Building A Multi-Agent System with CrewAI and BentoML

Imagine you’re a manager who needs a report on the latest trends in AI agents. You might ask a researcher to dig into relevant sources, then hand it off to a data analyst to sift through findings and compile them into a report. Now, imagine both roles could be fulfilled by AI-powered agents.

This is what we mean by a multi-agent system: a group of AI agents, each with unique roles, collaborating to tackle complex projects.

In this blog post, we’ll walk you through how to build a multi-agent system with CrewAI and BentoML. It automates research and reporting tasks, from gathering insights to delivering structured reports. You can use open-source LLMs or proprietary ones to power the agents; we’ll show you examples of both.
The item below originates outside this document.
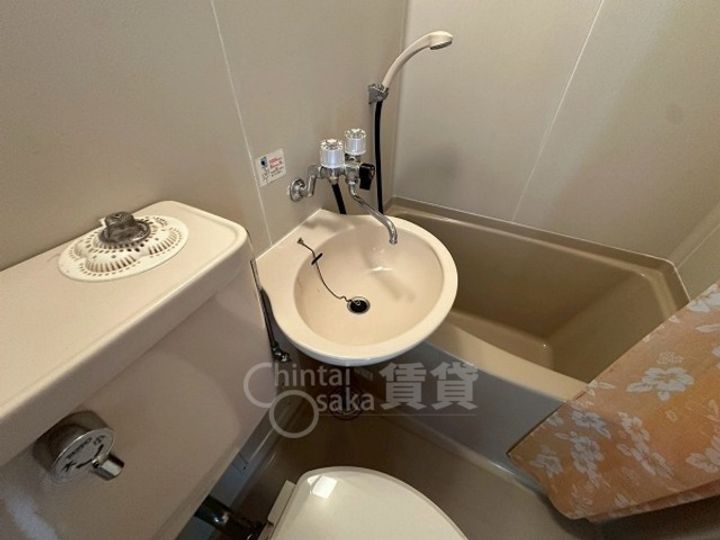 ワールドハーモニーの内装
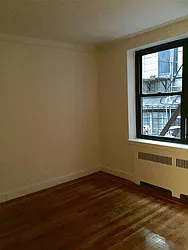 Rented by Siderow Residential Group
We’ll deploy the entire project to BentoCloud, an AI inference platform for deploying and scaling AI models in production. It provides fast and scalable infrastructure for model inference and complicated AI applications.

You can explore the full code here on GitHub.

Architecture#

Let’s first take a look at the architecture:

In this project, we define two CrewAI agents, powered by a pre-defined LLM.
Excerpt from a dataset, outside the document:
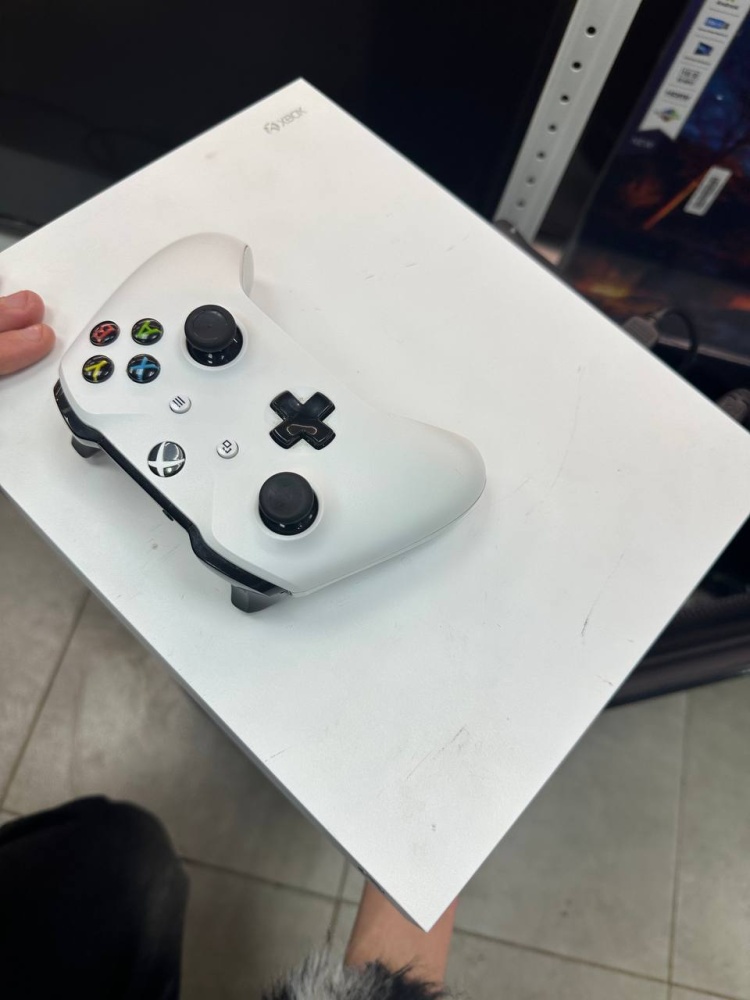 Игровая приставка XBOX ONE X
Senior Data Researcher: Gathers information about a specific topic.
Reporting Analyst: Creates detailed reports from research findings.

When the user sends a request about a topic to a BentoML Service endpoint, the CrewAI workflow begins. First, the Researcher agent performs research on the topic. The Reporting Analyst then creates a detailed report from the research. Lastly, BentoML sends it back to the user.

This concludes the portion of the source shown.